The Telltale But
“He’s a nice guy, but…”
If I had a dollar for every time I heard this… I’d be rich!!!
Girls (and boys, of course) are trained from birth to excuse every single shitty thing a creature with a penis does. It can be anything from lying, to stealing, to fighting, to some pretty heinous stuff. But boys will be boys, so it’s all good. And conversely, girls and boys are trained to criticize and mete punishment out for everything that girls and women do, innocuous or not.
As girls turn into women, they adopt a convenient little survival mechanism that a) helps them rationalize poor decisions they make about men, b) keeps them in the good books of compliance with men and handmaidens, and c) just makes life marginally easier on the surface and in the short-run.

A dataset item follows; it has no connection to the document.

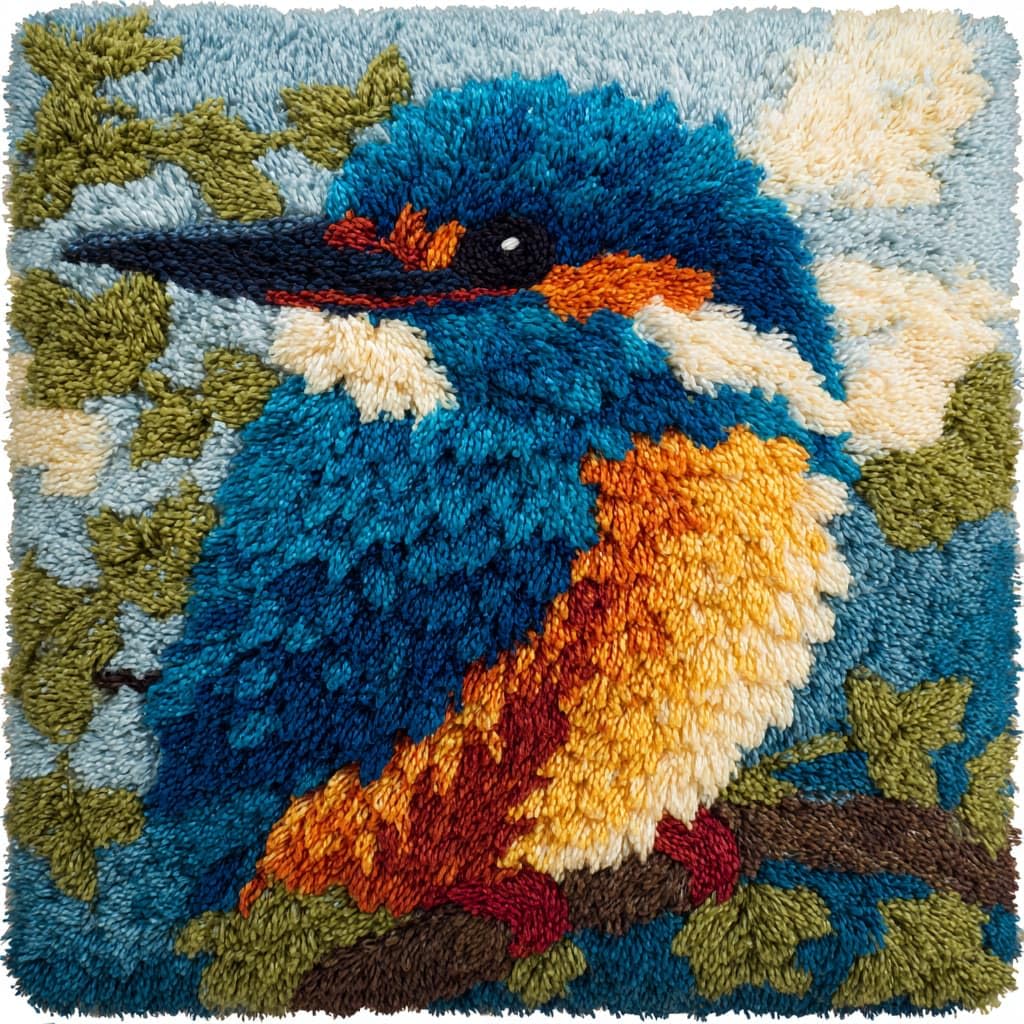 Taxpy DIY Latch Hook Pillow Kits, Birds on the Branches Throw Pillow Cover Pre-Printed Patterns Pillowcase Needlework Crochet Yarns Latch Hooking Cushion for Sofa Decor 17x17inch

This little mechanism is, “He did/does xyz, but he’s a nice guy.” In that single sentence, you immediately know the guy isn’t nice.
‘But’ is a contrast word. Sometimes, contrasts can exist harmoniously:
He is tall, but fat.
In this case, it is possible to be both tall and fat without being a freak of nature or a paradox.
However, when women start talking about men’s behaviour and personalities using ‘but’ in an effort to defend an asshole, excuse something that has just happened to her at the hands of an asshole, or to placate or dismiss someone who has witnessed or suffered at the hands of a Super Nice Guy TM, the contrast can’t possibly exist.
Nice people don’t do shitty things to others. Or conversely, people who do shitty things to others are definitely not nice folks.
So next time you hear a girlfriend, mother, sister, daughter, coworker or other woman tell you how the boyfriend who calls her a ‘fat bitch’ is actually a nice guy except for when he drinks and trundles out the misogyny that lies beneath his sober exterior, you know she is just trying to survive in a world where men hate her.
Oh how I’d love to say, “I’m a nice lady, but I use weaponry on violators of women” and be excused just like men are. Actually, I’d probably use ‘and’ rather than ‘but’, because I think nice women have a duty to carry out public service acts of niceness such as eliminating those who commit crimes against them and their sisters.